Coesão, capitais, novas candidaturas a hegemonias

Por detrás da afirmação de um Portugal coeso há muitas frustrações.
Resultam de um quadro em que ninguém está em boas condições: nem os que viram desertificar-se regiões, nem os que enfrentam um quotidiano violento, como acontece nas áreas metropolitanas.
A regionalização e o debate em torno dela terão que ser conduzidos com cuidados, até porque a direita instrumentaliza todas as situações em que se verifique a falta deles.
Um aspecto fundamental será a candidatura a novas hegemonias num país que há muito é essencialmente bipolar.
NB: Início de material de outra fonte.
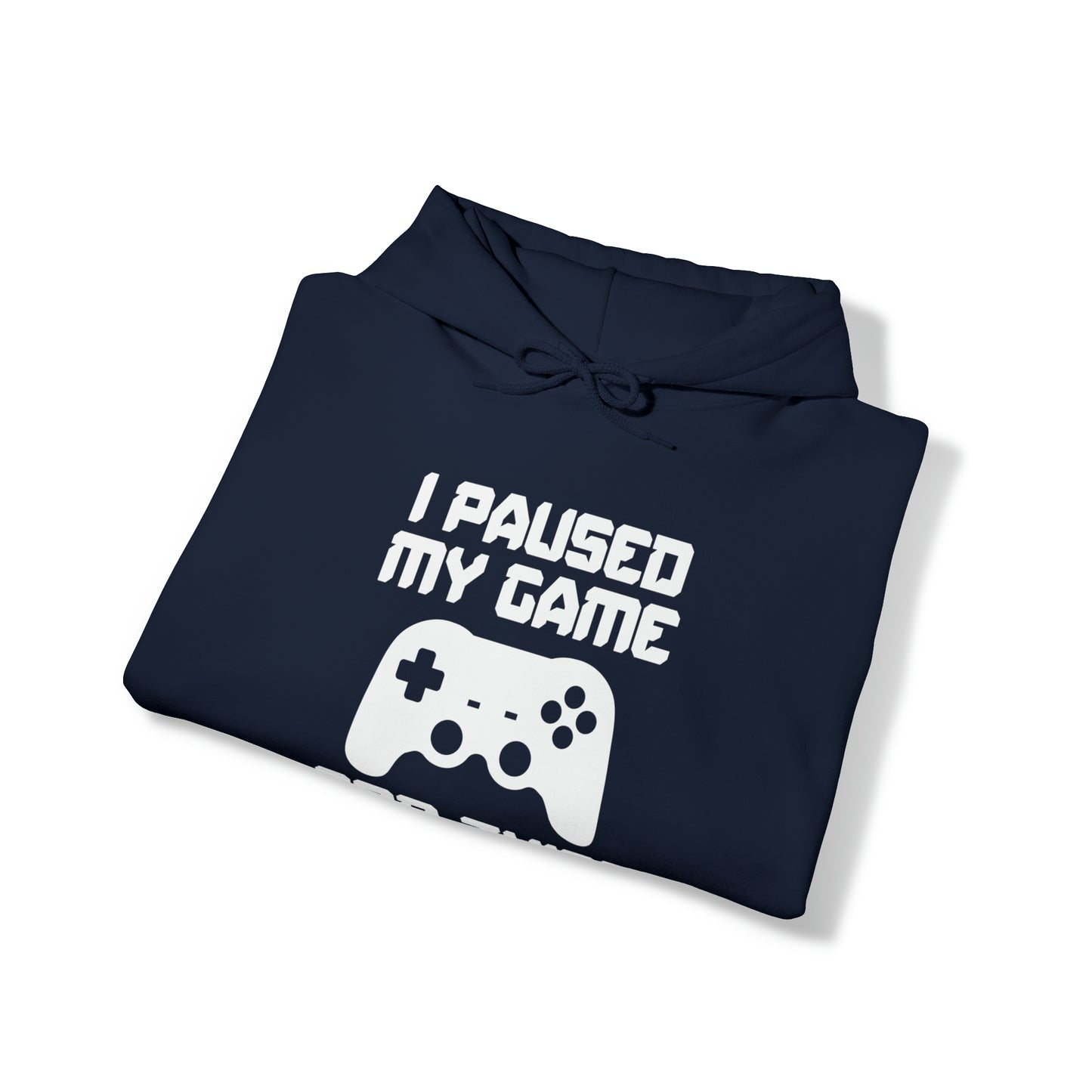 I Paused My Game For This? - Unisex Heavy Blend™ Hooded Sweatshirt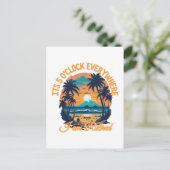 どこでも５時、俺はリタイアした ポストカード (スタンド正面)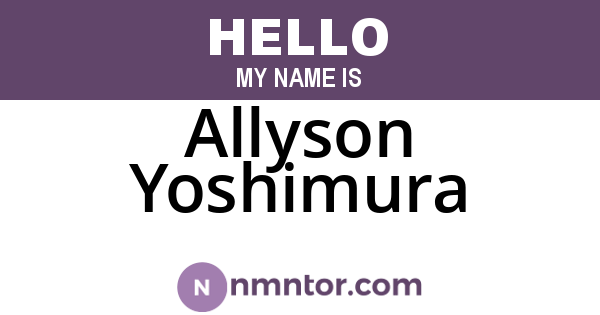 Allyson Yoshimura
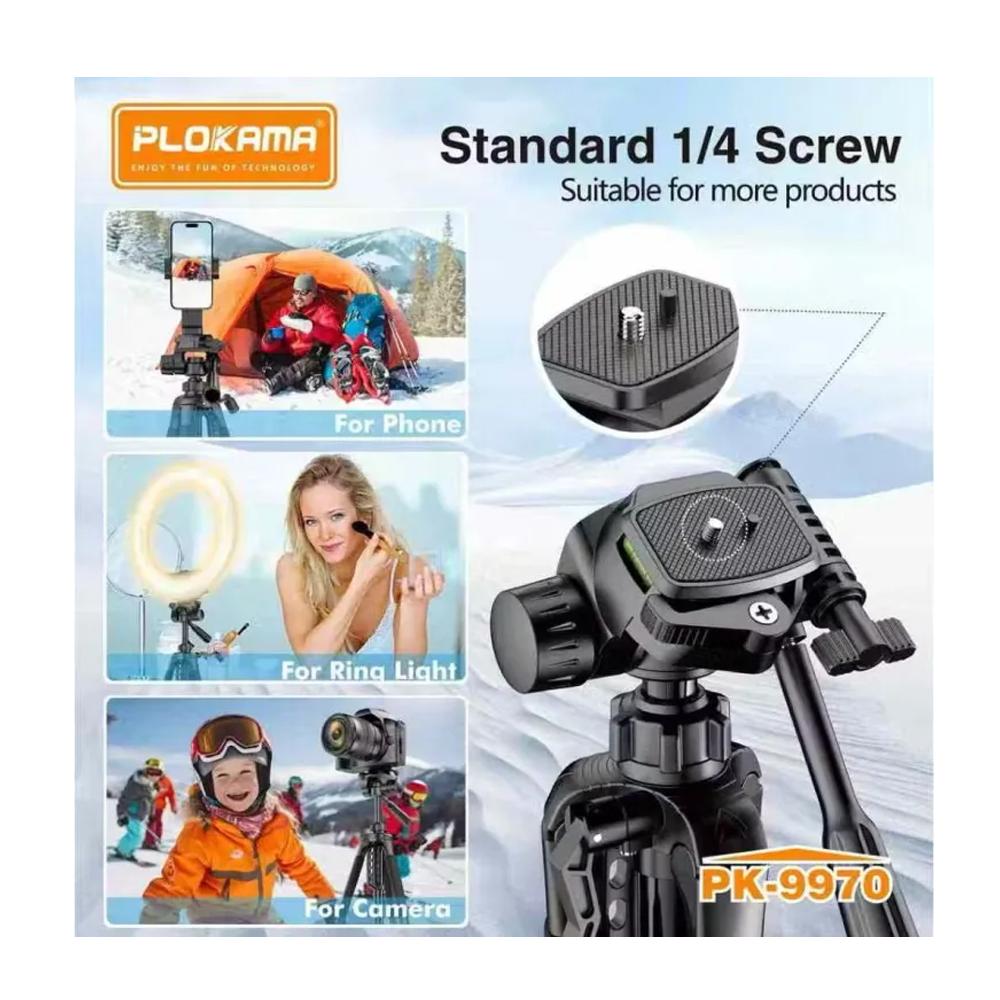 Holder Mobile Tripod Plokama PK-9970 360° With Remont Control 1.80M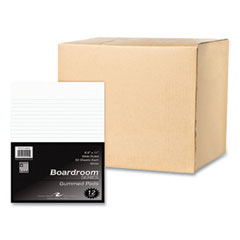 Roaring Spring Paper Products Boardroom Gummed Pad, Wide Rule, 50 White 8.5 x 11 Sheets, 72/Carton, Ships in 4-6 Business Days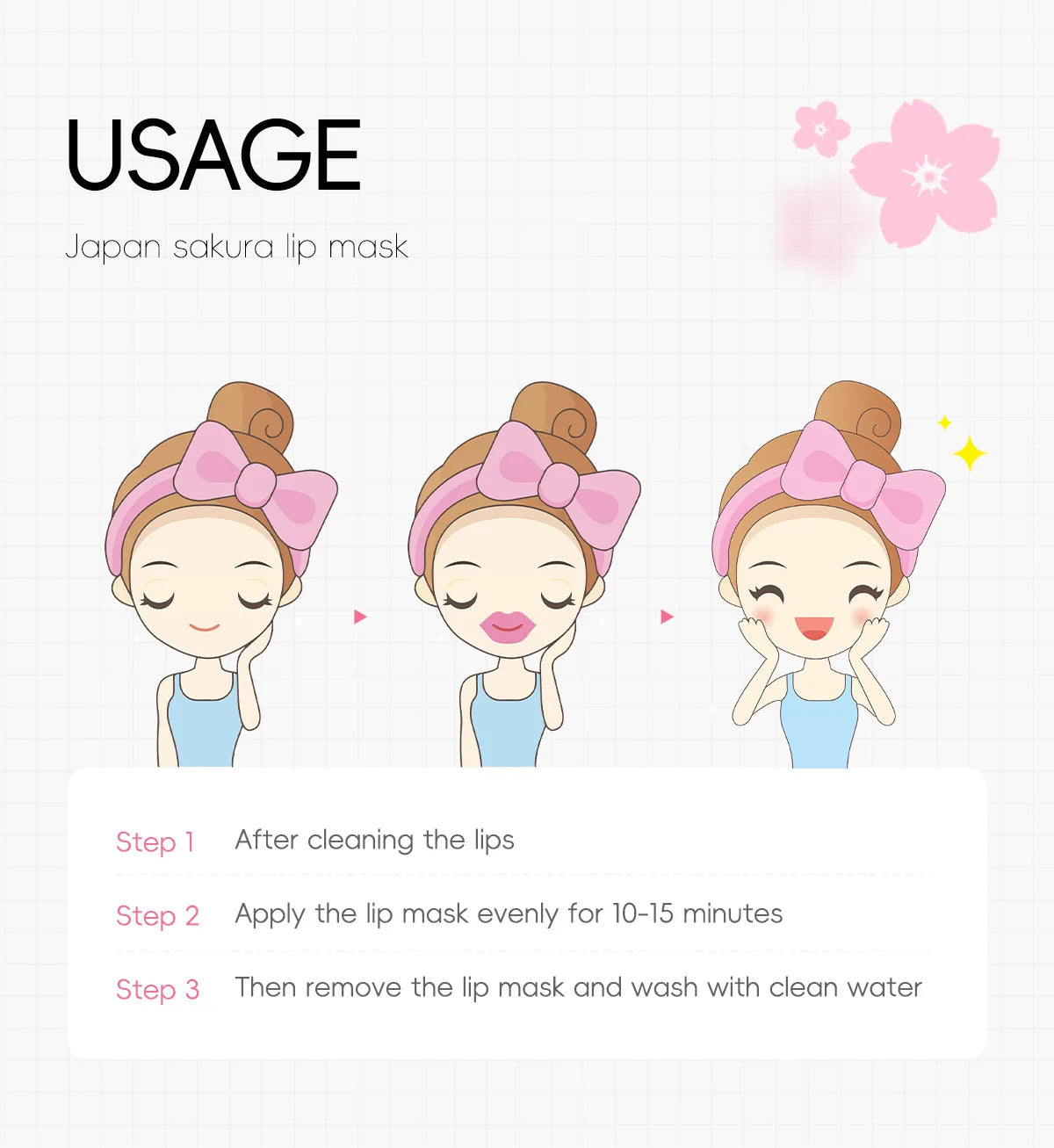 LAIKOU 5/10pcs Lip Mask Lip Care Moisturizing Hydrating Repair Lighten Lip Lines Labial Gel Patch Lips Pad Patches Care Products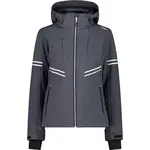 CMP WOMAN JACKET ZIP HOOD Dámska lyžiarska bunda, čierna, veľkosť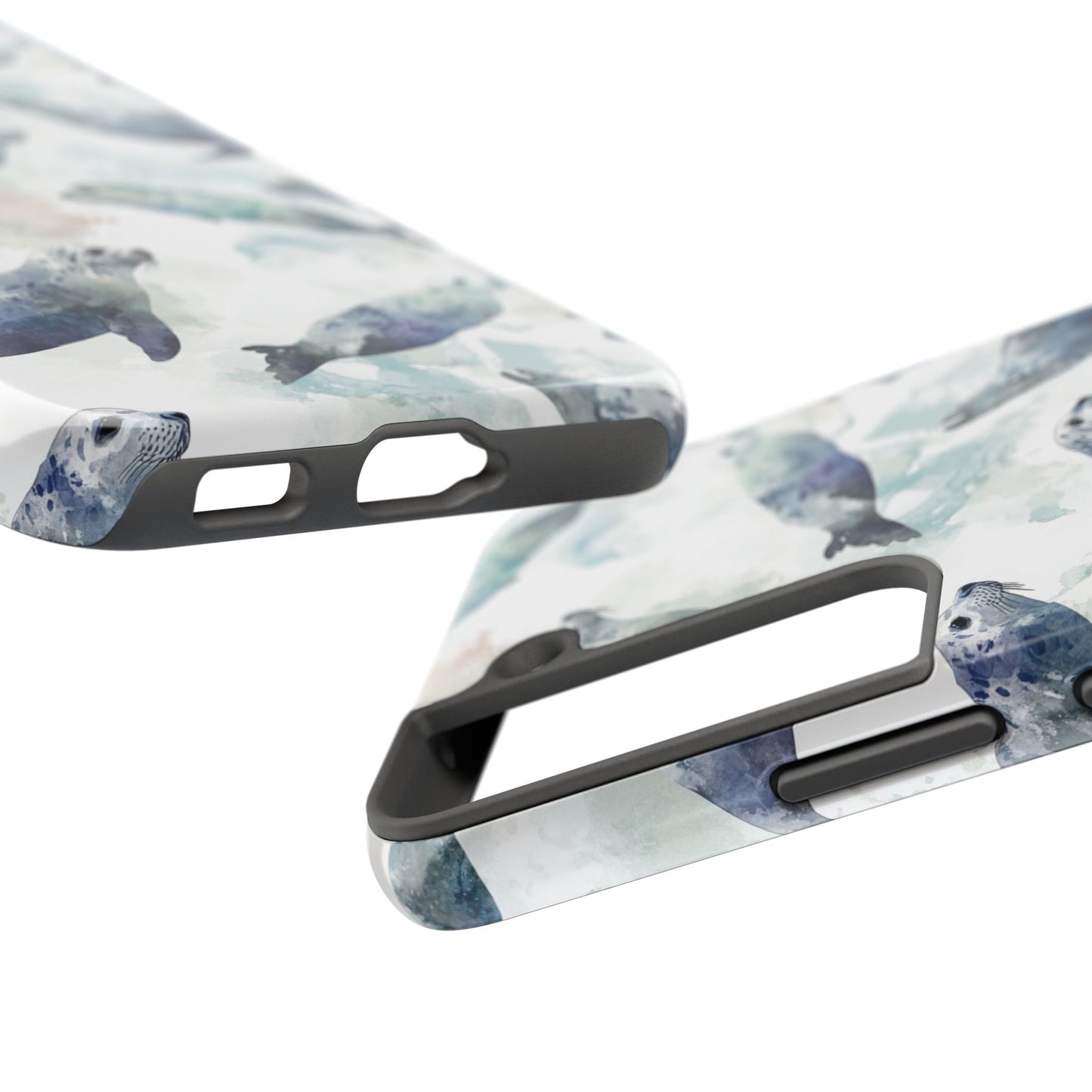 Animal Instinct | Watercolor Leopard Seals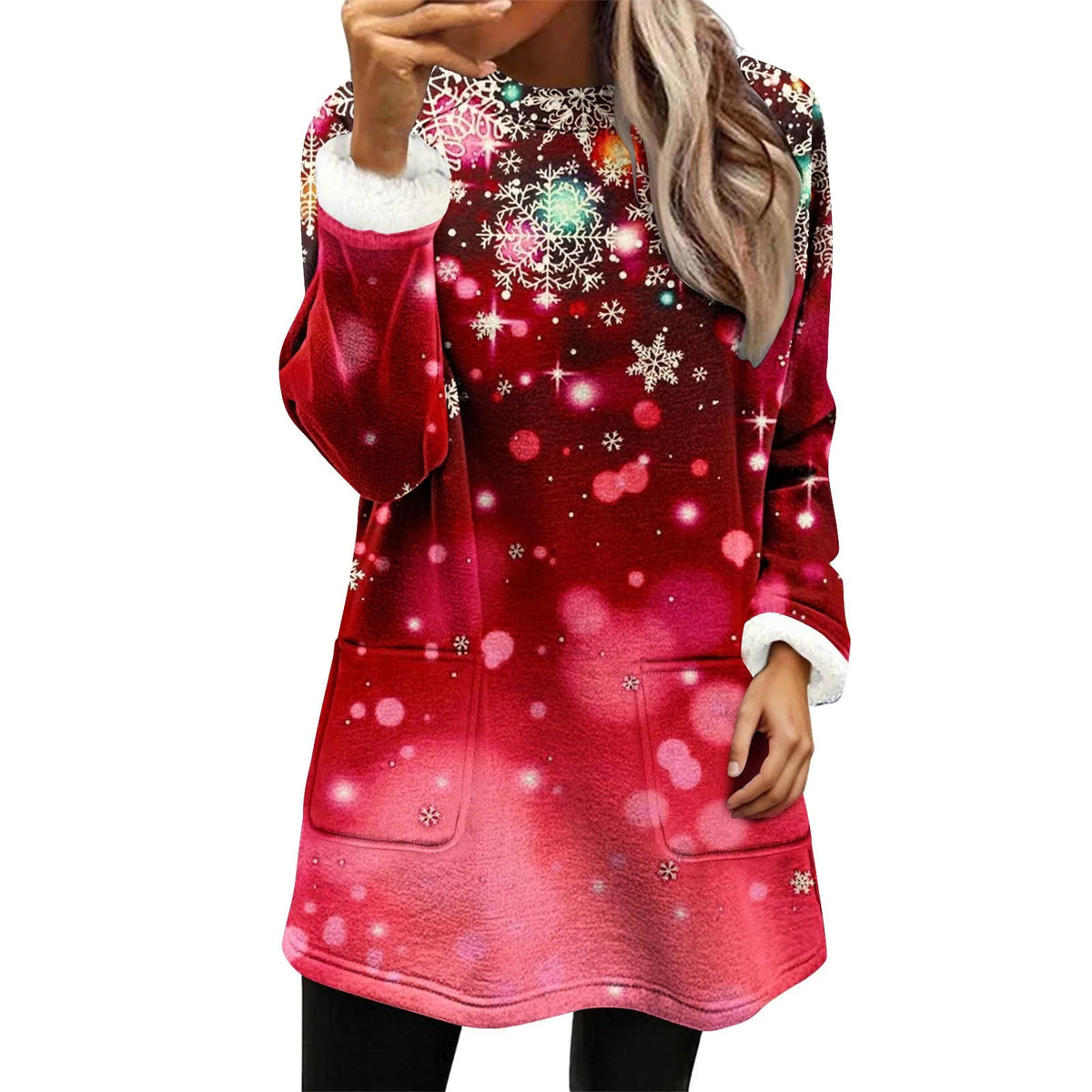Casual Fleece Sweatshirts Women 15 prints or solids to choose from, with Pockets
Impõe-se assegurar que o projecto para as novas regiões se apresente essencialmente como polinucleado, em geral sem capitais e sem contemporizar com sonhos de novas hegemonias no seio de futuras autarquias regionais. Daqui decorre que o projecto deverá, em geral, ser de localização diversificada de serviços, equipamentos e infra-estruturas.
A verdade é que a grande maioria das capitais de distrito já foi esvaziada de quase todo o seu papel. Basta pensar nos 20 casos de desconcentração agrupando distritos, nos 13 casos de desconcentração de acordo com a área das cinco comissões de coordenação regional e nos 26 casos de desconcentração segundo outras áreas, todas diferentes do modelo assente nos dezoito distritos.
No entanto, apesar deste facto, as aspirações - e frustrações - continuam; mais do que estratégias de momento, importa ter em conta a vantagem que resultaria de uma rede de cidades equilibrada e racionalizada. Seria desse modo que se poderia contribuir verdadeiramente para mais justiça, harmonia e coesão.


A posição do PCP

O PCP votou contra este tipo de referendo na revisão constitucional. Absteve-se na aprovação da resolução que o propõe ao Presidente da República. Teve em conta que, para além da sua posição de fundo, é esta a única via, como se disse, de instituir as regiões na presente situação.
Este objectivo está inserido, desde há duas décadas, em programas eleitorais do Partido. Consta de sucessivos projectos de lei e do seu Programa. Importa fazer tudo para o viabilizar, na base da unidade e coesão de todas as organizações e militantes.
Impõe-se, por outro lado, conjugar a intervenção autónoma do Partido com a intervenção unitária em diferentes movimentos.
Não se trata de uns concorrerem com outros, mas sim de procurar que todos convirjam no mesmo objectivo comum de assegurar a democratização e racionalização da administração regional do Estado.